Even then, that’s just two classes chronologically taught. Handful of teachers concurrently lecture the same topic. 100 multiplies the bodies of competitors.

However, where you sit now is just one campus. Thousands of campuses exist along the nation. And so the competitors you face skips the ten-thousand phase and jumps to hundreds of thousands—all of them your competitors.

But that’s not all—the internet distributes information: a single teacher could record a lecture and upload it into the internet. For free.

So now, careers no longer need institutions because somebody has made such careers available in free videos. And free videos allow information to not only reach those who are interested, but to those who happen to click on it. As such, your competition is world wide (web).

But even that’s not all.

If someone can teach someone else, then there’s someone smart enough to code it. If they upload the code onto the internet, anyone can CTRL + C and then CTRL + V the code, then create incremental variations, and then produce countless of improved code for companies and individuals.

Codes don’t complain as your competitors do. Codes don’t sleep. Don’t call-out. Don’t even need vacations. Codes work 24 hours every day. Better, codes are upgradeable—unlike people who degrade and decay.

And so now, your competitor is an infinitely replicable and upgradeable code. You competed all your educational life, only to be obsolete.

Knowledge is power. Indeed. But school was never about knowledge. It was about credentialing and then finding a career.

Knowledge is power. Yes. And the winner takes it all—the money, the cars, the yachts, the power, the women. They get peace. They get health.

Why compete against such a force?

Second place gets a letter of appreciation. Third place…nobody cares about third place.

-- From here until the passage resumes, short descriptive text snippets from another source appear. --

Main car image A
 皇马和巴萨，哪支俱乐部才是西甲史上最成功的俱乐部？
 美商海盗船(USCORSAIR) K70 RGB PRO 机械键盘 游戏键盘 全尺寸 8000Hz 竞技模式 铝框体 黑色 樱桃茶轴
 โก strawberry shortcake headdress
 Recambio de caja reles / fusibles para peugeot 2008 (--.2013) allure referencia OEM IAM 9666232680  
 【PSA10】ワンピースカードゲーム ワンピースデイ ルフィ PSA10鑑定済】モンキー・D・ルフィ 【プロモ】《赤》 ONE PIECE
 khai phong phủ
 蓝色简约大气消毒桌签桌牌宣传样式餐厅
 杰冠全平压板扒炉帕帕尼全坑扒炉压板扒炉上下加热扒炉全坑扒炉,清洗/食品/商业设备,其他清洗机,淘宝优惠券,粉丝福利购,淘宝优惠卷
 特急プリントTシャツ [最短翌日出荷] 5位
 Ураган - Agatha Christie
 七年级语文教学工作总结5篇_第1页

So why school? For knowledge?

Even for the sake of knowledge, you wouldn’t need to. The internet exists, and what exists on the internet rests the knowledge of the best of the best of the best, not some second-rate professor who opens YouTube with back-to-back 30-second non-skippable advertisements and have some random fifth-rate, bandicam, notepad text, 240p, off-sync mic education.

The books are on the internet. The geniuses are on the internet, and you can find them by name or by media and contact them directly.

As people create, innovate, and automate code, one by one people lose their careers.

You haven’t experienced it. Perhaps you can’t see it happening to you. “I don’t see it, so it doesn’t exist” toots the idiotic.

You continue with school. You compete against n=∞ students. Four years later, you graduate. You find a last-rate company to take you in because you couldn’t outperform countless exemplary students. That’s fine—at least you got hired.

You enter the work zone with a smile, putting your education to good use. As it turns out, you studied for four years, to shit your education out the window—the company doesn’t operate the way you were taught. In fact, Sammy here didn’t need school, nor went to one. She learned everything online, on the web.

The company teaches you different things. You excel. Your boss lauds you as irreplaceable. But who do you think was in that position before they hired you?

The company CEO emails all the employees about an upcoming change. In it, the CEO explains a certain software automating several departments. Some people will lose their jobs. Fortunately, you are not in those affected departments. However, you wonder how long until your department is next.

What is teachable is replaceable.

Slow.

Then all at once.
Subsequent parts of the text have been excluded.